# 10 months old & new bad habit



## Sparkle (May 17, 2012)

Kallie is 10 months old. For the last week, every night she is waking up between 2 & 3 AM to go outside to poop first, then pee! She sleeps with us, so she's driving us crazy. Our bed's too high, so she can't jump off of it to poop on the floor, which is a good thing. The last thing I do before going to bed (usually between 9:30 & 10 PM) is take her outside. She usually pees then. Right now, she's pooping 5 X per day. This just seems extreme to me. 1) middle of night, 2) around 6:30 AM, 3) at lunch, 4) after I get home from work @ 5:00 PM, and usually 5) around 8:00 PM. We were having an issue with runny poops, but changed her food to BB Basic grain-free. Prior she was going 3 X day. But it's been 1 1/2 months since we weaned to the new food. Great tootsie roll poops now. Sorry is this is all TMI!!

Any great ideas on what's going on here? What I'd like to do is take her out right before bed & squeeze it all out of her! But since that's not acceptable behavior, I need some suggestions! Could she be getting too much to eat? She's not gaining much weight (.4 lbs in past 2 months). She eats 3 X day. Should I cut her back to 2 X? I can't move her last meal up too much. I feed her about 1/2 hr after I get home. So I could do 1/2 hr earlier. She has been sleeping thru the night for months. But now she wakes up whining to go out.


----------



## Suzi (Oct 27, 2010)

Sparkle said:


> Kallie is 10 months old.
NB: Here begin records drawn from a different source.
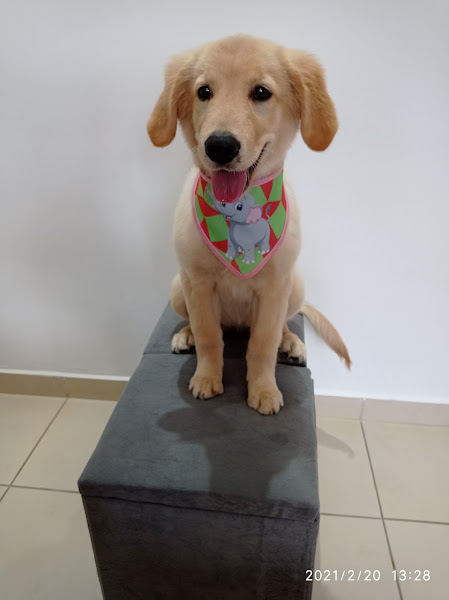 Foto 4 Rose Banho E Tosa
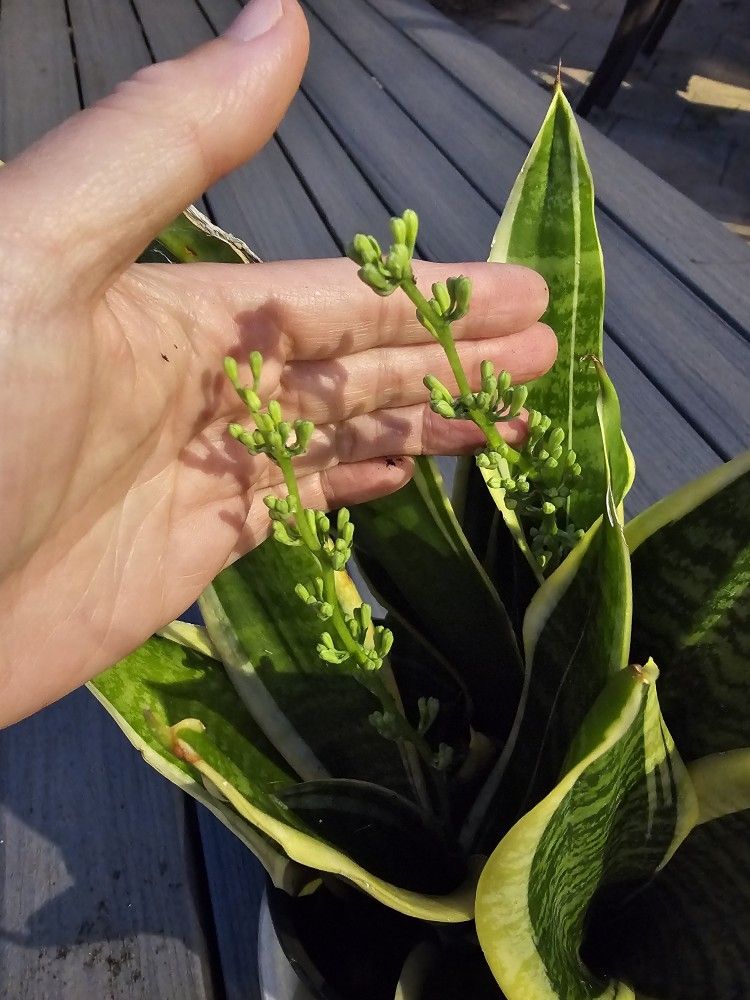 Snake Plants Going To Bloom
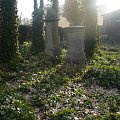 Cmentarz żydowski w Zabrzu #CmentarzŻydowskiWZabrzu #kirkuty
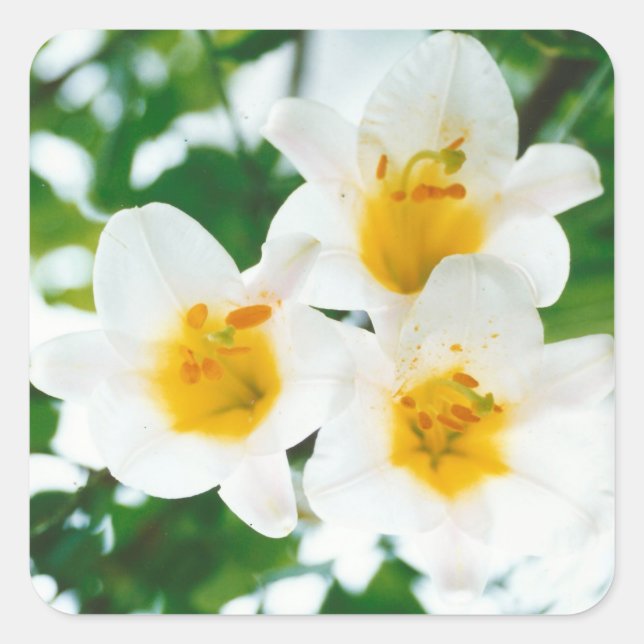 Sticker Carré Lys blancs - Lilium Flower candidum (Devant)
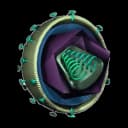 Geovax Labs Inc logo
For the last week, every night she is waking up between 2 & 3 AM to go outside to poop first, then pee! She sleeps with us, so she's driving us crazy. Our bed's too high, so she can't jump off of it to poop on the floor, which is a good thing. The last thing I do before going to bed (usually between 9:30 & 10 PM) is take her outside. She usually pees then. Right now, she's pooping 5 X per day. This just seems extreme to me. 1) middle of night, 2) around 6:30 AM, 3) at lunch, 4) after I get home from work @ 5:00 PM, and usually 5) around 8:00 PM. We were having an issue with runny poops, but changed her food to BB Basic grain-free. Prior she was going 3 X day. But it's been 1 1/2 months since we weaned to the new food. Great tootsie roll poops now. Sorry is this is all TMI!!
> 
> Any great ideas on what's going on here? What I'd like to do is take her out right before bed & squeeze it all out of her! But since that's not acceptable behavior, I need some suggestions! Could she be getting too much to eat? She's not gaining much weight (.4 lbs in past 2 months). She eats 3 X day. Should I cut her back to 2 X? I can't move her last meal up too much. I feed her about 1/2 hr after I get home. So I could do 1/2 hr earlier. She has been sleeping thru the night for months. But now she wakes up whining to go out.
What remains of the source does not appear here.